(Records from a collection)
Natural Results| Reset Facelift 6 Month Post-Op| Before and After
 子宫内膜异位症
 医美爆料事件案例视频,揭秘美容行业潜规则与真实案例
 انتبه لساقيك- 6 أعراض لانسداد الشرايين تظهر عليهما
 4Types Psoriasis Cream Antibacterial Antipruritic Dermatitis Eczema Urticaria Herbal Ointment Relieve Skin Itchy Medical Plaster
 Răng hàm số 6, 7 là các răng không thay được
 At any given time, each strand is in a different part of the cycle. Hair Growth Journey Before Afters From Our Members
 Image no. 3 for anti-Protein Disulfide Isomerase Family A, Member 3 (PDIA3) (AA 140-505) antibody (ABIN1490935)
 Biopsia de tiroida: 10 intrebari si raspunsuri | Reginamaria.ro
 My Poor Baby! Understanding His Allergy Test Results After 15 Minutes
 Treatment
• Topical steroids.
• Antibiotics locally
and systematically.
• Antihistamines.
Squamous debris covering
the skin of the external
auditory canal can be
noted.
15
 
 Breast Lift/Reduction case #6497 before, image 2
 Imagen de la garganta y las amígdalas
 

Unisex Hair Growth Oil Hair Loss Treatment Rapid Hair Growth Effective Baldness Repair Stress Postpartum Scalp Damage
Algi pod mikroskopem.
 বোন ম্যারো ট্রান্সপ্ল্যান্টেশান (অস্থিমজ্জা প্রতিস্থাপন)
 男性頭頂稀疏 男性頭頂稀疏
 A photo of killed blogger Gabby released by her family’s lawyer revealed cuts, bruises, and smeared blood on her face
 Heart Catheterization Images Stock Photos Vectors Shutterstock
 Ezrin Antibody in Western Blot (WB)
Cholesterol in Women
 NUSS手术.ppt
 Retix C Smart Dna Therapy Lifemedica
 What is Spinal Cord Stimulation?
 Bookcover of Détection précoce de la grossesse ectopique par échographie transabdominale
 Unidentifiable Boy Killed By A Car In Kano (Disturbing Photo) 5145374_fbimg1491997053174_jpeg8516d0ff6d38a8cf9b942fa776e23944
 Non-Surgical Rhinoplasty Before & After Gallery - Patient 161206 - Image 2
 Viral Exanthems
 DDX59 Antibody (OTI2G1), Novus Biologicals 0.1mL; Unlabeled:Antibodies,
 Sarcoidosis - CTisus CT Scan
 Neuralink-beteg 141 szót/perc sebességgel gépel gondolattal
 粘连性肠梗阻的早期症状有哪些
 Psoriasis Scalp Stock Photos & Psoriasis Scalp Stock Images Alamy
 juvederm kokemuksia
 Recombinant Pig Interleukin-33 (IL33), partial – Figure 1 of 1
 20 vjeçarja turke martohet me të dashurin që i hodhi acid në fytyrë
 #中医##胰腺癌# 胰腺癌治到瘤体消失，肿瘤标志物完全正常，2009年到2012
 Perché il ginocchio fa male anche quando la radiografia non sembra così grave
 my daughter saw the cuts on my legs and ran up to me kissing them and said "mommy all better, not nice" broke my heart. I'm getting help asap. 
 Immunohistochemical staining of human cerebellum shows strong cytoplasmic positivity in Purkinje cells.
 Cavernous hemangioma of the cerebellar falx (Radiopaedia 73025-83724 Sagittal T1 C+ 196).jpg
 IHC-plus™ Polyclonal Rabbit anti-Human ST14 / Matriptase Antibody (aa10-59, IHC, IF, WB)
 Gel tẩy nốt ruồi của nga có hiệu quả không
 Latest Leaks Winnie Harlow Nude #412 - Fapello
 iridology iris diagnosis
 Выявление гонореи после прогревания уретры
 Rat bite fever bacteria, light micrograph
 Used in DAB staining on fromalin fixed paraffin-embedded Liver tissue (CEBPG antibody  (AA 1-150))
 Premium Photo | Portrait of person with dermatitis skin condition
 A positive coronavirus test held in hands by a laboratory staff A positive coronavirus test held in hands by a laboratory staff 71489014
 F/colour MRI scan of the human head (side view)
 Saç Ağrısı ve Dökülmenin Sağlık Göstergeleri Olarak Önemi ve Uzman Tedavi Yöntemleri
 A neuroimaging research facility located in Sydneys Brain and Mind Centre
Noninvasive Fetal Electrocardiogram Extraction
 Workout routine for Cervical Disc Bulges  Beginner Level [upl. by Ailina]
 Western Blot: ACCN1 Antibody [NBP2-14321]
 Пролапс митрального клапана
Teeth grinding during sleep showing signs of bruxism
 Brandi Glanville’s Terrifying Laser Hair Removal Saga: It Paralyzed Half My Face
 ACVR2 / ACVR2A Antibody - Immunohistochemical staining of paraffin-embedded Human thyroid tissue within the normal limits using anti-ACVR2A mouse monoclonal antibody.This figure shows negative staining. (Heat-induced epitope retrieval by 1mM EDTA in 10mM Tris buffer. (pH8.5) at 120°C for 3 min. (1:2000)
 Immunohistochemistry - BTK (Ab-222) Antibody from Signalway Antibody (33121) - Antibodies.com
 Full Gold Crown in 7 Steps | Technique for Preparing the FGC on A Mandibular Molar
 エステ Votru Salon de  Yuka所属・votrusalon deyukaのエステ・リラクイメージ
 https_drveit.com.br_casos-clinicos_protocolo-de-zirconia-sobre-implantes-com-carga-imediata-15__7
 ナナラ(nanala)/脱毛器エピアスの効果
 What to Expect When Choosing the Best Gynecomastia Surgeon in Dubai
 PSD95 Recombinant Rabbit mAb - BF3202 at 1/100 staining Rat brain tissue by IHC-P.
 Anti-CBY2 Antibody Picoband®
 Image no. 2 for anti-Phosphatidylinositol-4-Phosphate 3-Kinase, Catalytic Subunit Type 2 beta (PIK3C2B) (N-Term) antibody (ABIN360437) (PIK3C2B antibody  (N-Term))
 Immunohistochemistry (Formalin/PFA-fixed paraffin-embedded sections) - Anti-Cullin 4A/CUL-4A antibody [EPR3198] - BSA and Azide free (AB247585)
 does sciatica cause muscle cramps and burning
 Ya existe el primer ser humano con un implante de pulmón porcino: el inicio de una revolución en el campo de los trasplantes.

Brief: From the records above, reproduce exactly the lines from the one with "エステ Votru Salon" to the one with "What to Expect", both included, and no others.

Exercise response:
 エステ Votru Salon de  Yuka所属・votrusalon deyukaのエステ・リラクイメージ
 https_drveit.com.br_casos-clinicos_protocolo-de-zirconia-sobre-implantes-com-carga-imediata-15__7
 ナナラ(nanala)/脱毛器エピアスの効果
 What to Expect When Choosing the Best Gynecomastia Surgeon in Dubai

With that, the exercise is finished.